# Correlation matrix

Correlation matrix shows correlation coefficients for column pairs of a given dataset. TableTorch supports both the Pearson and the Spearman’s rank coefficients.

In the following sections, some variants of correlation matrices are computed for the vehicle dataset. The video presented below demonstrates how to use TableTorch to produce a colorful correlation matrix right in a spreadsheet.
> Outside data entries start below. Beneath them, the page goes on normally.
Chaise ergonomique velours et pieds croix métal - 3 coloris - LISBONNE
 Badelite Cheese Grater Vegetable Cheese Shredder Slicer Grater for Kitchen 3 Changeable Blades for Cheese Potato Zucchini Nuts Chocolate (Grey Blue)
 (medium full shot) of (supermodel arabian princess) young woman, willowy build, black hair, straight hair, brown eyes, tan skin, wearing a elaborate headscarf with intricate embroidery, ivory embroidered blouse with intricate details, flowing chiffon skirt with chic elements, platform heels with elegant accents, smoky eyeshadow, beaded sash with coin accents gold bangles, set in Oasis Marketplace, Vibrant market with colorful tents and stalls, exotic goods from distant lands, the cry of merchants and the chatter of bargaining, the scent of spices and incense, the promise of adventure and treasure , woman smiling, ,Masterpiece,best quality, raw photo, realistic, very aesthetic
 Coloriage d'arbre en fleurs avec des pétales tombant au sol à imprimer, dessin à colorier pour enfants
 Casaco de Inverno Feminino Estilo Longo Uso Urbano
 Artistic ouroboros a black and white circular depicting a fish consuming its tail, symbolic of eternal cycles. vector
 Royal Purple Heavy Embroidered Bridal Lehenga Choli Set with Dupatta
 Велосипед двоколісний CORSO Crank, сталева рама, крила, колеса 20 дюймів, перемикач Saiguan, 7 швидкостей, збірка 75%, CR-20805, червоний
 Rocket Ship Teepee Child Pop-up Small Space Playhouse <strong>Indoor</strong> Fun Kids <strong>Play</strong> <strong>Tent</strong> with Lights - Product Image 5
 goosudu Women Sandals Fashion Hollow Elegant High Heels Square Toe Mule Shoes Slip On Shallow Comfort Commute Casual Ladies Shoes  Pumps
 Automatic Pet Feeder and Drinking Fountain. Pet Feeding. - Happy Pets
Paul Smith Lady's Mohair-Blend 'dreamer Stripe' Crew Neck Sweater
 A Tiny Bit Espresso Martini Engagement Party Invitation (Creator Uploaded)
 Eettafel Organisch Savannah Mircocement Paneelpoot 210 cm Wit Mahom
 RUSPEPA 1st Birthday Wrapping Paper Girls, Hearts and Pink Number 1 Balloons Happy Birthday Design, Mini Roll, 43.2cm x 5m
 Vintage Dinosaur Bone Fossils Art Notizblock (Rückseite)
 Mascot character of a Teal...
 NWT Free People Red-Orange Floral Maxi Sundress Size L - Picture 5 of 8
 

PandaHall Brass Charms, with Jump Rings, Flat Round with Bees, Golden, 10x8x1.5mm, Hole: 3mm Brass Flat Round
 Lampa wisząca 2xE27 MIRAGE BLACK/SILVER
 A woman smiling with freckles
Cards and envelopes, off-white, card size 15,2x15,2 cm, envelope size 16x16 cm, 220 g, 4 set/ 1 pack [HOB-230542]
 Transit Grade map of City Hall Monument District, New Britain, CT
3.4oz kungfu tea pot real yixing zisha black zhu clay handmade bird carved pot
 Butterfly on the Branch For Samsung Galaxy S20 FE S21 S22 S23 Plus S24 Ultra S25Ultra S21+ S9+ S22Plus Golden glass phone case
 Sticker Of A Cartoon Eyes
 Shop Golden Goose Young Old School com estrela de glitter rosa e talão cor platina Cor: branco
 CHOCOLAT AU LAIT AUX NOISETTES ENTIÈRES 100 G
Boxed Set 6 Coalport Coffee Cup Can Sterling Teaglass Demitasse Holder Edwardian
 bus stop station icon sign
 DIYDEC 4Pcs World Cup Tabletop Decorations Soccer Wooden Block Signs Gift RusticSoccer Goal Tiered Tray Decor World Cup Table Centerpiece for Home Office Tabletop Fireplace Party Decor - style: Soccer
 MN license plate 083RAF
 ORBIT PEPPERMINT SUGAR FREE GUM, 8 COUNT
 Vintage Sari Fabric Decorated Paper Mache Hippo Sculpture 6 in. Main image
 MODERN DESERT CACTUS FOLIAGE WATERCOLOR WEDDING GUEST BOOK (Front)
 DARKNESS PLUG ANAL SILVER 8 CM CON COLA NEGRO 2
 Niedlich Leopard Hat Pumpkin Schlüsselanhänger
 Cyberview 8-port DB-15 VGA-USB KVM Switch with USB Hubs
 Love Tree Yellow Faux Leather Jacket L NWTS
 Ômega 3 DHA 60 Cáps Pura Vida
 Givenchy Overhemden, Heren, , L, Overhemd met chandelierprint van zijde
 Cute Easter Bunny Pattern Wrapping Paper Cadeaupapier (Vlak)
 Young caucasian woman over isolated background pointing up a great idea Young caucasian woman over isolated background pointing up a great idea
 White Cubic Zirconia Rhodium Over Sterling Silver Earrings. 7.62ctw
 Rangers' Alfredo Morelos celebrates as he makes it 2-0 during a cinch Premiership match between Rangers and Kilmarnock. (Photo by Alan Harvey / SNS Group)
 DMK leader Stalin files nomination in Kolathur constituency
Watch on YouTube: Compute a correlation matrix in Google Sheets with TableTorch 4:33

## Start TableTorch

1. Install TableTorch to Google Sheets via Google Workspace Marketplace. More details on initial setup.
2. Click on the TableTorch icon on right-side panel of Google Sheets. ## Pearson coefficients for every column pair

Select the whole range of the sheet and click Correlation matrix menu item inside TableTorch. Non-numeric columns will be automatically filtered out. Click on the Compute button to produce a new sheet with the correlation matrix. The produced matrix will look like the following one: The default settings produce an already useful matrix. For example, if the aim is to do a regression in order to be able to predict the value of selling_price column, it is possible to draw the following conclusions from the produced matrix:

1. `selling_price` is negligibly correlated with `from trustmark dealer` column suggesting that it wouldn’t make sense to use this feature in a regression. It is same with the `more than 5 seats` column.
2. `petrol` is highly correlated with `max torque min RPM` indicating that it would make sense to use only one of those features in a regression of `selling_price`.
3. The same could be true for the `engine cc` and `max power bhp` columns.

## Configuration

TableTorch can be configured to produce different matrices via editing the following settings: • Coefficient: either Pearson or Spearman’s rank. If you would like to rank-scale only certain columns before computing the coefficients, use the standalone Scaling function of the TableTorch before creating a correlation matrix.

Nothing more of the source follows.